From a distance, it’s hard not to be alarmed at the three trends that have dominated the region over the last decade: the growth of Chinese power, the relative decline of US power and the resulting remilitarisation of Japanese power. Indeed, given the growth in importance of the region to the global economy, these trends are as alarming as they are dangerous since they have the capacity to be self-fulfilling, driving a cycle of mistrust and spiralling arms spending. And, since Japan’s defence posture automatically includes the United States (which is obliged by treaty to come to Japan’s defence) any potential conflict has all the ingredients for a ‘great power war.’
The vacuum is shown by little in the way of a US response to China's bullying of its neighbors:
When tasked with the decline in their soft power, Chinese analysts and foreign policy editorials are quick to apportion blame to the United States. Seeking to benefit from a ‘divide and conquer strategy,’ the US has beefed up its own lagging influence at China’s expense, they suggest. The problem with this narrative is that while it correctly sees China’s influence loss as the United States’ gain, it misunderstands the causes.

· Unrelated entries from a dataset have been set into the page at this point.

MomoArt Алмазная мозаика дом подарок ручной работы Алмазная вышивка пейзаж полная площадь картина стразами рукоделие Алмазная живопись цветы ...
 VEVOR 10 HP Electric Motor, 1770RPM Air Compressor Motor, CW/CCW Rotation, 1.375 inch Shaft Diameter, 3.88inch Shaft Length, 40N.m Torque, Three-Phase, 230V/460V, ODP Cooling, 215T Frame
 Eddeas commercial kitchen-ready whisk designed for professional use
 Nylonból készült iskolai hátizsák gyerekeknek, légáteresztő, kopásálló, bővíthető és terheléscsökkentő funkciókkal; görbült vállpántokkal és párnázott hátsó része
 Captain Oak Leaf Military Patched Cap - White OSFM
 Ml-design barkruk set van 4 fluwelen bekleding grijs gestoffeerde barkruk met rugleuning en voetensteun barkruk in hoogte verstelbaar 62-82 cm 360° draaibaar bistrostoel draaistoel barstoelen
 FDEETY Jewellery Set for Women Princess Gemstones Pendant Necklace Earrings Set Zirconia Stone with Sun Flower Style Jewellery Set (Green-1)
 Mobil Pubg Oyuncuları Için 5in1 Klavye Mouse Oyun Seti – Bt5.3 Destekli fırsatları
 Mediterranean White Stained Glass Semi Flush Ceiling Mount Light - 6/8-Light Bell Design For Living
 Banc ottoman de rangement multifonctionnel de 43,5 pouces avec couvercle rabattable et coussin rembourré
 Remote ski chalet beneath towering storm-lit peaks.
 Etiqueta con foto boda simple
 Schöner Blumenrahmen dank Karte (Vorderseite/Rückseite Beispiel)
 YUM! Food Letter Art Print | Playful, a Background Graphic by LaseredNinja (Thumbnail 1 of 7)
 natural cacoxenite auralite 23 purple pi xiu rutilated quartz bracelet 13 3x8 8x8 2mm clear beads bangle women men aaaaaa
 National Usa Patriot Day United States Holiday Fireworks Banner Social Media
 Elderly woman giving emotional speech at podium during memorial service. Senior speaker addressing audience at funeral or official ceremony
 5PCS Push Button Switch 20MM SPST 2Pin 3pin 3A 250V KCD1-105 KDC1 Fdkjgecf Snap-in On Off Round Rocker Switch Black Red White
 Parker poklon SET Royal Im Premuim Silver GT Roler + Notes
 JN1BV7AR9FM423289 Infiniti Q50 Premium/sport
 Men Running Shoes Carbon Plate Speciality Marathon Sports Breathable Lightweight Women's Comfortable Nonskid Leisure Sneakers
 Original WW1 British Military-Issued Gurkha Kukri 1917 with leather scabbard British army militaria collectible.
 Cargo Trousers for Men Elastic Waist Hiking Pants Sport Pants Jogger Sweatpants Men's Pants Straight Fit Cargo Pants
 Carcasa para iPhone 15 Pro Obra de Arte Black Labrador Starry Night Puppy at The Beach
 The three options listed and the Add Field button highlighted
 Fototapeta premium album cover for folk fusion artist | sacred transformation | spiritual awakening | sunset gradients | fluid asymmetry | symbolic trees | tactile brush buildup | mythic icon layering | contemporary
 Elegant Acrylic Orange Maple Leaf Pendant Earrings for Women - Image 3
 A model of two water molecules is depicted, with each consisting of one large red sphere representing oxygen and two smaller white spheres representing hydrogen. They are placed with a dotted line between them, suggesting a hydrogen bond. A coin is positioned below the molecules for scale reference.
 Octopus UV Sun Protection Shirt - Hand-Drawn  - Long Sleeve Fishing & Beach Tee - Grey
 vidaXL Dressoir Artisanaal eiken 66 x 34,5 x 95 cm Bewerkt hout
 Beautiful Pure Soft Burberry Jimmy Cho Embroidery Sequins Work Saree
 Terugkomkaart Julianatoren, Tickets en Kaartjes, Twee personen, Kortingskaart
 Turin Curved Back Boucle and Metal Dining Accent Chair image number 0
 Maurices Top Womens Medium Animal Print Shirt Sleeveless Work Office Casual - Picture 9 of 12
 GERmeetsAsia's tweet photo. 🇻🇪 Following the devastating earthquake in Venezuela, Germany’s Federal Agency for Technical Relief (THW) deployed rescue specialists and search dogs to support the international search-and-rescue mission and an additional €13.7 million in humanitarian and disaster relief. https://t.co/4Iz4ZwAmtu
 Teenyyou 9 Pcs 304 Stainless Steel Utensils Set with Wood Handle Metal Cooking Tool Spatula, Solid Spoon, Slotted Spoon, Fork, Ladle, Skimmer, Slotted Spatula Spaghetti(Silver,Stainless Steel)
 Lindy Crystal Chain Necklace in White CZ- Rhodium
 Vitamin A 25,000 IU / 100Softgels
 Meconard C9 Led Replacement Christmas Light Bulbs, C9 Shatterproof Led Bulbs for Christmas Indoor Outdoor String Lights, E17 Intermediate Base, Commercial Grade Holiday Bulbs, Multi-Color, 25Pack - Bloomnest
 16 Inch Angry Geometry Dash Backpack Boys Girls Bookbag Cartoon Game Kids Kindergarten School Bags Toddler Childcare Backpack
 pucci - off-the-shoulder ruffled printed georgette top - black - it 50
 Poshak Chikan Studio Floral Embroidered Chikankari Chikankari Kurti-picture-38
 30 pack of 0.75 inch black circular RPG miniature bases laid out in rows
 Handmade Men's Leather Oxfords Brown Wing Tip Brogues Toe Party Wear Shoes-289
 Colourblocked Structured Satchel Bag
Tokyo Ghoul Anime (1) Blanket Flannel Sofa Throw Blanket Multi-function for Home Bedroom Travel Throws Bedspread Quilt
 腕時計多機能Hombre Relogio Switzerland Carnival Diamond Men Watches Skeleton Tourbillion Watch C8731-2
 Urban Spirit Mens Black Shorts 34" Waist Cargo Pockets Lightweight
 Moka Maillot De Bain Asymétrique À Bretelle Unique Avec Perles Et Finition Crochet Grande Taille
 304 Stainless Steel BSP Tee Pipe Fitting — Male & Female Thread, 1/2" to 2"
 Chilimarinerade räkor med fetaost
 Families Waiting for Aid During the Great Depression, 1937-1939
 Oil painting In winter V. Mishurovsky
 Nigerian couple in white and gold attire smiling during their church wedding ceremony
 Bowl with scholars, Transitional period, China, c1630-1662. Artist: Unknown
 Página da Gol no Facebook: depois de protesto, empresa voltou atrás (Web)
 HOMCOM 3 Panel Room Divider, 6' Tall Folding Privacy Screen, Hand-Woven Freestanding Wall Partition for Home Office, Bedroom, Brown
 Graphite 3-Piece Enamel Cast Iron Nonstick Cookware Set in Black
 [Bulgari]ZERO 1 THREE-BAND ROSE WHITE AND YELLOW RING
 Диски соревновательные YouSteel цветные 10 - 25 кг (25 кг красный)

China is, above all, responsible for developing a power-projection capability and for using it for short-term gain. While China’s point of view that this is no more, no less than previous rising powers have sought is understandable, such thinking, planning and acting is more characteristic of 19th century powers than of those in the 21st century.
And the results of all this are already clear. Further Chinese militarisation will be met with further Japanese militarisation—and thus begins a dangerous cycle. By focusing on Japan’s past rather than a mutually beneficial future, and by embracing the worst elements of nationalism, Chinese leaders have sought to displace questions over legitimacy and internal political reform.
I'm not sure we should expect to see a return of Kido Butai anytime soon, but Japan does now have an aircraft carrier, the Hyuga.  The next one in the class will supposedly be named the Ise.  Both are appropriately named after the weird battleship-carrier things they had in World War II; for years the Japanese tried to pass the Hyuga off as a destroyer, to the amusement of military analysts.  The names probably also serve as a warning to the Chinese: We know carriers better than you do.  The Hyuga may even be more capable than China's "new" carrier.

China's bullying has also rattled the nations of ASEAN:
China is usually typecast as the villain in the Asia-Pacific’s security dramas, and the recent confrontations in the South China Sea have been no different. The narrative has revolved around an aggressive China that has recklessly pushed the envelope of its territorial claims, steamrolling its weaker neighbours and jeopardising regional stability.
China’s actions and miscommunications have indeed contributed to the growing discordance of the security mood music, with the Philippines and Vietnam in particular genuinely alarmed about the assertiveness – veering perhaps between aggression and plain clumsiness – which China has been displaying in the disputed zones of the South China Sea.
But that’s only part of the story: Asia’s maritime difficulties are above all a collective failure. Between them, the region’s stakeholders have succeeded only in exposing the dangerous weakness of their multilateral institutions. These platforms, the ASEAN Regional Forum (ARF) among them, are struggling to regulate the behaviour of their members and develop meaningful controls over the region’s security. This is because competing interests, rather than common purpose, continue to dominate regional thinking, even within ASEAN. It can also partly be explained by the enduring presence of one very successful, unilateral security institution in the Pacific region: the United States military.
I don't believe ASEAN is to blame for this; this particular article is basically making excuses for a bully.  One country and one country alone is to blame: China.

That said, ASEAN better get its act together.  And fast.